The task: The answer should be the exact lines from the line containing "Чорний Порше Panamera, об'ємом" through the last line of the material below, with no pictures.

Provided data:

= = = =

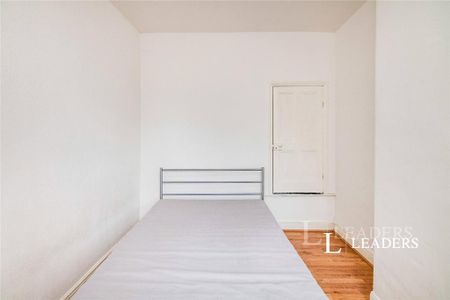 4 bedroom terraced house to rent - Photo 4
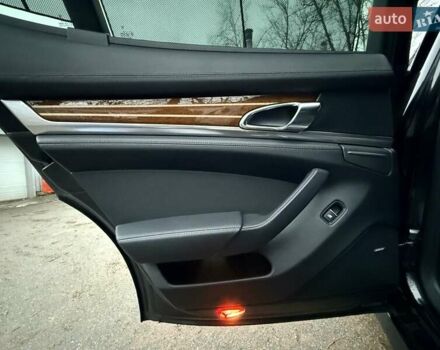 Чорний Порше Panamera, об'ємом двигуна 4.81 л та пробігом 133 тис. км за 29990 $, фото 88 на Automoto.ua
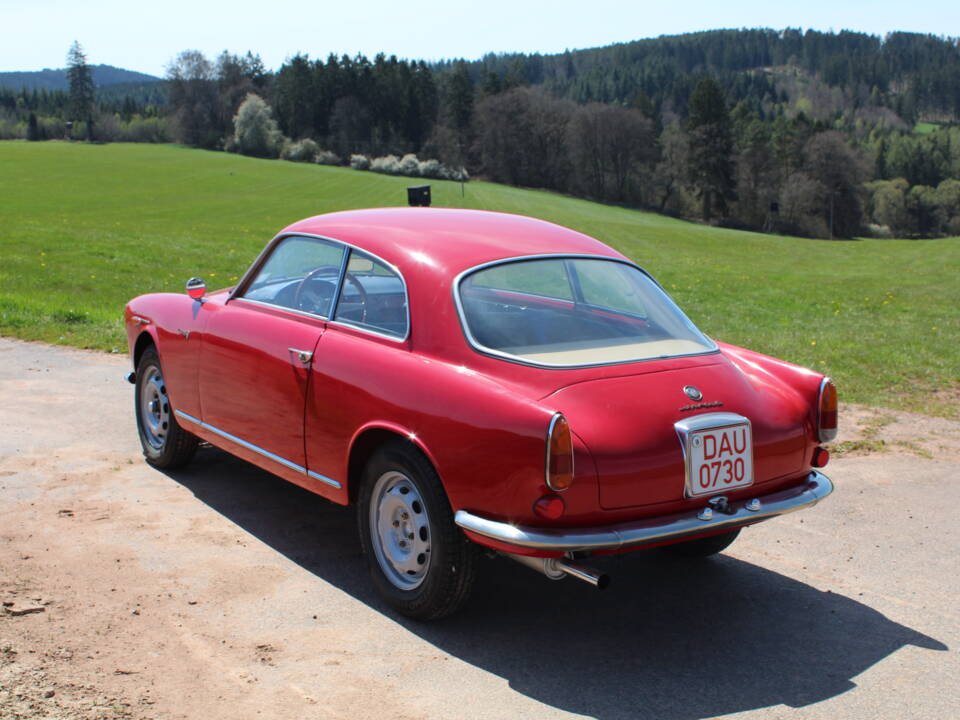 Image 6/23 of Alfa Romeo Giulietta Sprint 1300 (1964)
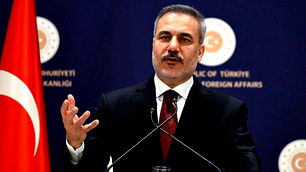 "İran'da iç savaşa karşıyız"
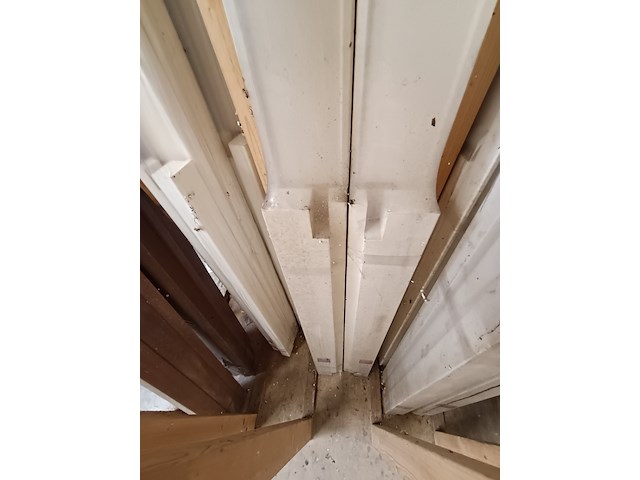 Ca. 25x grenen en hardhouten binnendeurkozijnen - afbeelding 7 van  11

= = = =

Answer below:
 Чорний Порше Panamera, об'ємом двигуна 4.81 л та пробігом 133 тис. км за 29990 $, фото 88 на Automoto.ua
 Image 6/23 of Alfa Romeo Giulietta Sprint 1300 (1964)
 "İran'da iç savaşa karşıyız"
 Ca. 25x grenen en hardhouten binnendeurkozijnen - afbeelding 7 van  11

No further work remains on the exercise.